Słocina i suma wcześniejszych jazd po mieście, których mi się nie chciało pojedyńczo wpisywać. Nieszczęścia chodzą parami albo jeszcze większymi zorganizowanymi grupami. Nie dość, że coś mi trzeszczy w biku to jeszcze kapcia w lesie złapałem i przy zmianie dętki zostałem dotkliwie pogryziony przez komary, na dodatek podarły mi się rekawiczki - obie w tym samym czasie, w tym samym miejscu (w tym samym miejscu pusciły szwy) <smutny>
Mały niedzielny rozruch. Asfaltem na Magdalenkę. Tam chwilę mi zbawiło, bo było dużo krzaków z czarnymi porzeczkami. Nigdy ich za bardzo nie lubiłem dopóki nie odkryłem tajemnicy ich jedzenia. Trzeba jeść garściami wtedy lepiej smakują niż pojedyńczo. Posiliwszy się zjechałem do Słociny trochę lasem, trochę asfaltem i już tylko powrót do akademika. A co mi nie daje spokoju to jakieś dziwne skrzypienie i czasem strzelanie w rowerze. Jeszcze dokładnie nie zlokalizowałem źródła tego dźwięku, ale obawiam się, że to okolice suportu. Wykluczyłem sztycę i jarzemka siodła, bo na stojąco też hałasuje. Zgodnie ze starym porzekadłem: póki jeździ to się nie martwimy.

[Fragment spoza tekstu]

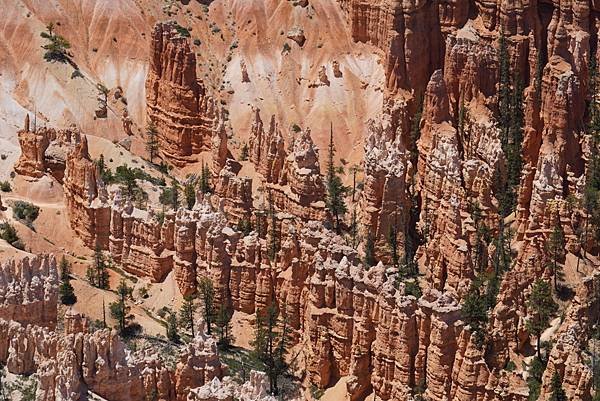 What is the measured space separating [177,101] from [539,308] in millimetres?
40497

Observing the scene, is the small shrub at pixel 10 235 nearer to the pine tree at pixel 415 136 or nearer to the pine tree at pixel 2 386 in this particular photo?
the pine tree at pixel 2 386

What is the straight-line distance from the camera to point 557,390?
90.4 meters

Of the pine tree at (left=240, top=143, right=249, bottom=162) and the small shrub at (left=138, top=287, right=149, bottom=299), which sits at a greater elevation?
the pine tree at (left=240, top=143, right=249, bottom=162)

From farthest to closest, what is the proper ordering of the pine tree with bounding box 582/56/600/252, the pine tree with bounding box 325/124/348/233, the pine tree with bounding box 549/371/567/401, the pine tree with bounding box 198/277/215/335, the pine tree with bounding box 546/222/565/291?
the pine tree with bounding box 325/124/348/233 < the pine tree with bounding box 198/277/215/335 < the pine tree with bounding box 582/56/600/252 < the pine tree with bounding box 546/222/565/291 < the pine tree with bounding box 549/371/567/401

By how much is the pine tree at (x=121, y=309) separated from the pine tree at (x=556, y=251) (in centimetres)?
2386

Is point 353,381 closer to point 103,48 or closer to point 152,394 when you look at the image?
point 152,394

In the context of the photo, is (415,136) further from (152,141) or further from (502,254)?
(152,141)

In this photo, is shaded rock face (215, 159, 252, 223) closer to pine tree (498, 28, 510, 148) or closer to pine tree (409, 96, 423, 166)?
pine tree (409, 96, 423, 166)

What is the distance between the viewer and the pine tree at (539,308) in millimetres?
96375

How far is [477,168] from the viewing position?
366 ft

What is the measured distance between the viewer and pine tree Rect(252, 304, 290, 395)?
10025 cm

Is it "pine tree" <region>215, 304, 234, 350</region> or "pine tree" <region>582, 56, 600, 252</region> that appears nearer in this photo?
"pine tree" <region>215, 304, 234, 350</region>

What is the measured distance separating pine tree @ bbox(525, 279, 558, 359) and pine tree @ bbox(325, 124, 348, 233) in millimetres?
17508

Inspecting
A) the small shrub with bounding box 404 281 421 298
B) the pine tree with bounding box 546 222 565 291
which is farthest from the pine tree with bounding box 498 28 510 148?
the small shrub with bounding box 404 281 421 298
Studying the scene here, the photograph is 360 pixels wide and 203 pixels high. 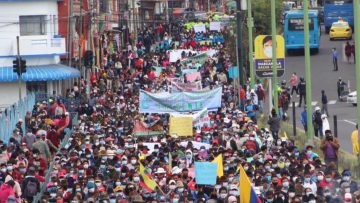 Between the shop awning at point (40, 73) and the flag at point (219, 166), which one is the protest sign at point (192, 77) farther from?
the flag at point (219, 166)

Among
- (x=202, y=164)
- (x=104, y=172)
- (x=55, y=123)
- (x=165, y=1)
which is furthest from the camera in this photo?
(x=165, y=1)

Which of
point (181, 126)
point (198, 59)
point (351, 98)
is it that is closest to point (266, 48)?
point (351, 98)

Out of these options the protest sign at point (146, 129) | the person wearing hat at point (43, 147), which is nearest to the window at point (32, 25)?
the protest sign at point (146, 129)

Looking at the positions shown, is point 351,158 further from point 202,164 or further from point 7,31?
point 7,31

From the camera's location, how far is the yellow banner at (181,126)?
36219 millimetres

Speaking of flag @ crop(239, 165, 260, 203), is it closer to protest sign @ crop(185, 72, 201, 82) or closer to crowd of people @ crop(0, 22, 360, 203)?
crowd of people @ crop(0, 22, 360, 203)

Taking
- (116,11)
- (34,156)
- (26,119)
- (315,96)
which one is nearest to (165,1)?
(116,11)

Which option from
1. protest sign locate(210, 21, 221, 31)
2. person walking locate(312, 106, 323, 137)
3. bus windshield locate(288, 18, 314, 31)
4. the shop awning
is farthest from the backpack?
protest sign locate(210, 21, 221, 31)

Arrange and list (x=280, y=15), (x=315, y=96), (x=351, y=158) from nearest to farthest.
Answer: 1. (x=351, y=158)
2. (x=315, y=96)
3. (x=280, y=15)

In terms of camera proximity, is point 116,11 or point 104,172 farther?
point 116,11

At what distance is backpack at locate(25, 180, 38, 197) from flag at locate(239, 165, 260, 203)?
4.06 m

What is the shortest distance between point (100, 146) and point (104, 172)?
3070 mm

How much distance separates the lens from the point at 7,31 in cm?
5666

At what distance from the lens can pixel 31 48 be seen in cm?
5612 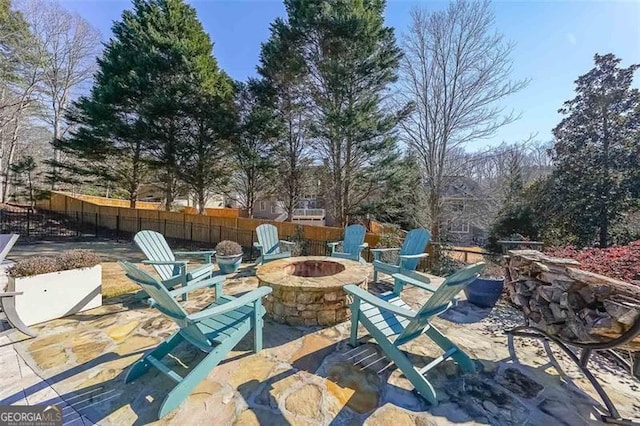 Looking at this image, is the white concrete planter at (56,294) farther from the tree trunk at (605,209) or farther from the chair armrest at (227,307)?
the tree trunk at (605,209)

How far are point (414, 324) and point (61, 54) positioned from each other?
20.3 m

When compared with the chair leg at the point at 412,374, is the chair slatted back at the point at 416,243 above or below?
above

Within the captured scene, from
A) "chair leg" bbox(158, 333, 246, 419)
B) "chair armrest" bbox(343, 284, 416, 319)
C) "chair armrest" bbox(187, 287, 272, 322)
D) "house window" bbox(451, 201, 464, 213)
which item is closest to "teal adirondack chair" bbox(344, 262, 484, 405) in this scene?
"chair armrest" bbox(343, 284, 416, 319)

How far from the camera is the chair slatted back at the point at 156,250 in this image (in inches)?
136

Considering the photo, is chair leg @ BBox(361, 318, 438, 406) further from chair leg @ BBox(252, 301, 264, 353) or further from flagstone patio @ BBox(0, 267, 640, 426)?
chair leg @ BBox(252, 301, 264, 353)

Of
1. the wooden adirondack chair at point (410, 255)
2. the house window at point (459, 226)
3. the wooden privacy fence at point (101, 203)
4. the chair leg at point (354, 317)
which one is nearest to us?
the chair leg at point (354, 317)

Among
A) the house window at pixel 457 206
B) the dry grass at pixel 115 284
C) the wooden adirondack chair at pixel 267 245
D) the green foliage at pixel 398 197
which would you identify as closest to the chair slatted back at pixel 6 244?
the dry grass at pixel 115 284

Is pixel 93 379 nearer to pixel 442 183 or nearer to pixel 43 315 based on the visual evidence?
pixel 43 315

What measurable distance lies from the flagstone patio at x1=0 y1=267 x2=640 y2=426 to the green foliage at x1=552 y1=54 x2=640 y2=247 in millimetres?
7950

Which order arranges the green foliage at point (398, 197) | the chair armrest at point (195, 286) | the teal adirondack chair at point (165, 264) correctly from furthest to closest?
the green foliage at point (398, 197) < the teal adirondack chair at point (165, 264) < the chair armrest at point (195, 286)

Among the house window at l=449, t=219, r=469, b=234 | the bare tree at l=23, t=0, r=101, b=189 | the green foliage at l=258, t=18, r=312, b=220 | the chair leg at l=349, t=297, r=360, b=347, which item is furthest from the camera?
the bare tree at l=23, t=0, r=101, b=189

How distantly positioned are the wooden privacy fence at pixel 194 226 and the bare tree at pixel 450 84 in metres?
3.45

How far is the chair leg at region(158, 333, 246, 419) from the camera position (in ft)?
5.65

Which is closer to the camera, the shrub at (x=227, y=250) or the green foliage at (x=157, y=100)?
the shrub at (x=227, y=250) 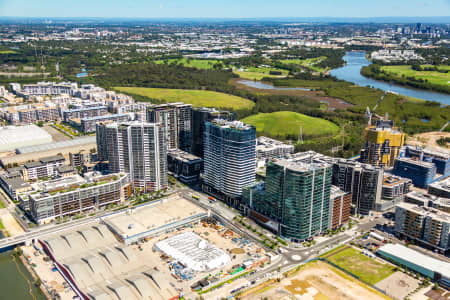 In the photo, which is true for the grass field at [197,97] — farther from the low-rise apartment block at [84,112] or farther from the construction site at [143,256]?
the construction site at [143,256]

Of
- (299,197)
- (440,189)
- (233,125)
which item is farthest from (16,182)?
(440,189)

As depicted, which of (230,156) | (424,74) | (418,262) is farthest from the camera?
(424,74)

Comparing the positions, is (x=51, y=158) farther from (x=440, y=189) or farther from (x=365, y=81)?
(x=365, y=81)

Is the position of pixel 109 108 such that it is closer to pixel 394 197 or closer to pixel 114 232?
pixel 114 232

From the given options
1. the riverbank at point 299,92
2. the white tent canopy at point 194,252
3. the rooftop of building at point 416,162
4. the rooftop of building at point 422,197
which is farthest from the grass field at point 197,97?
the white tent canopy at point 194,252

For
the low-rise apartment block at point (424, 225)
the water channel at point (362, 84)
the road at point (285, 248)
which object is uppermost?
the water channel at point (362, 84)

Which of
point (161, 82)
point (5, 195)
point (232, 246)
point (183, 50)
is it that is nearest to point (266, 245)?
point (232, 246) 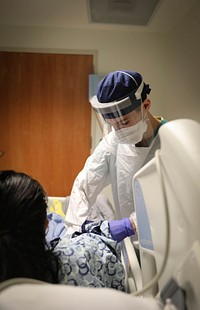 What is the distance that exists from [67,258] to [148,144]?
68 centimetres

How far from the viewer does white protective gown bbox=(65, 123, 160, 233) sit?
1198mm

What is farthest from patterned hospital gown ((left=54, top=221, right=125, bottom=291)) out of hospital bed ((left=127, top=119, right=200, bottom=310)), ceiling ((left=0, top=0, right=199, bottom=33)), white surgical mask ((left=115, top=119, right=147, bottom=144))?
ceiling ((left=0, top=0, right=199, bottom=33))

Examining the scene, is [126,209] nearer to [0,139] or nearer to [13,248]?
[13,248]

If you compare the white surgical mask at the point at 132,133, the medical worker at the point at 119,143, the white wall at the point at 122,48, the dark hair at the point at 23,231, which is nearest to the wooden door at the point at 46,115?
the white wall at the point at 122,48

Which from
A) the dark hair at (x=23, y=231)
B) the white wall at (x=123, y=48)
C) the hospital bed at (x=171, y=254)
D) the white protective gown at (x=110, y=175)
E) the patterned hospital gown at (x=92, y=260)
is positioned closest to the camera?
the hospital bed at (x=171, y=254)

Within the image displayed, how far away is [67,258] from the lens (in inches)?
29.3

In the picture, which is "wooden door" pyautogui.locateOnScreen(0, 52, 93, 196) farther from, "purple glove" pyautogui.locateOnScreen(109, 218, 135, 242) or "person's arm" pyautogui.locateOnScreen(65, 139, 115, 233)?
"purple glove" pyautogui.locateOnScreen(109, 218, 135, 242)

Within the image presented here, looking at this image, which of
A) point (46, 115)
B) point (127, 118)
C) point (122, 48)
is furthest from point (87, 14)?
point (127, 118)

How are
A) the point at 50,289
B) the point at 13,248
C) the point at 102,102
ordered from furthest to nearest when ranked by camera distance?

Przylasek, edycja n. Zwykłe pedałowanie, w zasadzie tam i z porotem, bez żadnych ekscesów. Jeżdząc samemu mam z reguły mptrójkę i słuchawki na uszach, więc nie mogłem usłyszeć wcześniej pomróków mojego roweru. Ale doszło do mnie nieprzyjemne klikanie w suporcie. Trzeba będzie tam zaglądnąć zgodnie z zasadą, że lepiej zapobiegać niż leczyć.